About a tenth of the rebuild cost - £2 million - is supplied by an outside backer which can be an individual, charity, private company or other interested organisation.

In return, they manage the school and have influence over its curriculum and also control admissions and teacher contracts.

Critics claim city academies represent privatisation of state schools by the back door.

They say they allow bodies that have nothing to do with education to gain control over children and say it is only a matter of time before McDonald's is running our schools.

Concern has already been expressed over the number of evangelical Christian charities that have emerged as sponsors.

The Grace Academy, which is due to open in Solihull in September backed by millionaire Bob Edmiston, is a case in point. Birmingham, however, is keen to stress it is offering something different to the Government's city academy model.

For a start, the name Birmingham Academies aims to emphasise their uniqueness.

In an interview with The Birmingham Post last December, Coun Lawrence stressed they would be schools with "academy-like features".

A fundamental departure from the Government version is that they will have more than one sponsor.

The authority believes this will diminish fears of any one individual or organisation gaining undue influence over pupils. Birmingham's academies will also work within area networks made up of a number of other schools.
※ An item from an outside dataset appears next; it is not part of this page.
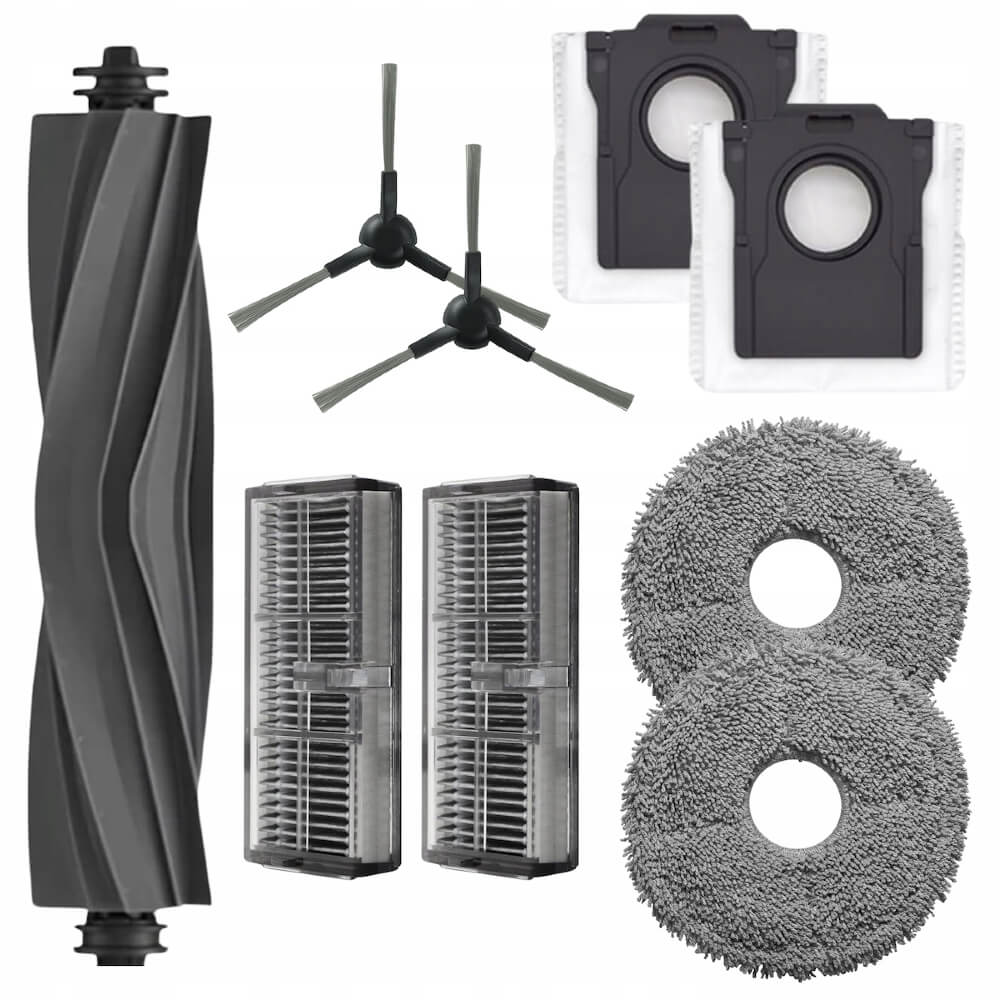 ΑΝΤΑΛΛΑΚΤΙΚΑ ΣΚΟΥΠΑΣ DREAME L10S ULTRA GEN 2 PRO ULTRA HEAT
The idea is that the benefit of the sponsor - which can also be given in the form of services, unlike the standard version - is shared across the whole network.

Another difference, under the Birmingham version, is that the schools will not necessarily be totally rebuilt, but refurbished under the BSF programme.

David Gould, the head of St Albans Church of England School in Highgate, one of the sites the city council is planning to turn into an academy, said the move was "a great opportunity".

Speaking to The Birmingham Post shortly after the announcement, he said it would provide a much-needed injection of resources to the deprived inner city site.

But union leaders have been more sceptical.

Brian Carter, Midland regional secretary of the National Union of Teachers, claimed sponsors were "buying goodwill in the communities, they are buying the schools and out goes democratic responsibility".

The union is concerned that academies will take over publicly-owned school assets and fix their own pay and conditions, allowing them to unfairly compete with other schools.

The NUT has also been critical of the authority for failing to consult the public on the plans before pushing them through.